Search code examples
node.jscsvparsingpapaparse

Parse Remote CSV File using Nodejs / Papa Parse?


I am currently working on parsing a remote csv product feed from a Node app and would like to use Papa Parse to do that (as I have had success with it in the browser in the past).

Papa Parse Github: https://github.com/mholt/PapaParse

My initial attempts and web searching haven't turned up exactly how this would be done. The Papa readme says that Papa Parse is now compatible with Node and as such Baby Parse (which used to serve some of the Node parsing functionality) has been depreciated.
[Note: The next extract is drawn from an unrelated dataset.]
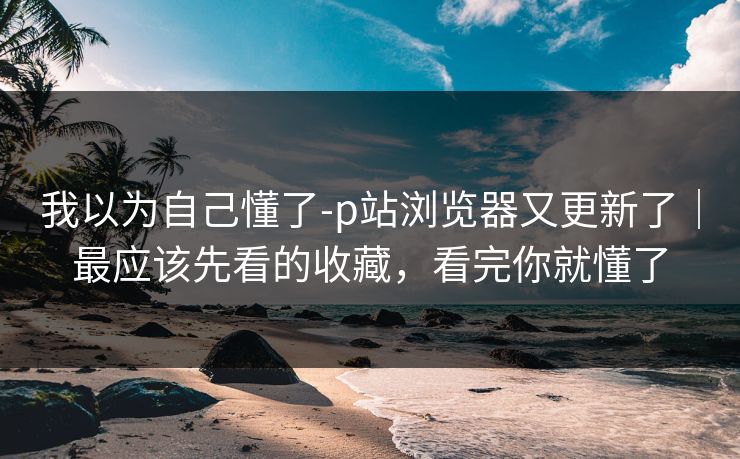 我以为自己懂了-p站浏览器又更新了｜最应该先看的收藏，看完你就懂了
Here's a link to the Node section of the docs for anyone stumbling on this issue in the future: https://github.com/mholt/PapaParse#papa-parse-for-node

From that doc paragraph it looks like Papa Parse in Node can parse a readable stream instead of a File. My question is;

Is there any way to utilize Readable Streams functionality to use Papa to download / parse a remote CSV in Node some what similar to how Papa in the browser uses XMLHttpRequest to accomplish that same goal?

For Future Visibility For those searching on the topic (and to avoid repeating a similar question) attempting to utilize the remote file parsing functionality described here: http://papaparse.com/docs#remote-files will result in the following error in your console:

"Unhandled rejection ReferenceError: XMLHttpRequest is not defined"

I have opened an issue on the official repository and will update this Question as I learn more about the problems that need to be solved.


Solution

  • Actually you could use a lightweight stream transformation library called scramjet - parsing CSV straight from http stream is one of my main examples. It also uses PapaParse to parse CSVs.

    All you wrote above, with any transforms in between, can be done in just couple lines:

    const {StringStream} = require("scramjet");
    const request = require("request");
    
    request.get("https://srv.example.com/main.csv")   // fetch csv
        .pipe(new StringStream())                       // pass to stream
        .CSVParse()                                   // parse into objects
        .consume(object => console.log("Row:", object))  // do whatever you like with the objects
        .then(() => console.log("all done"))
    

    In your own example you're saving the file to disk, which is not necessary even with PapaParse.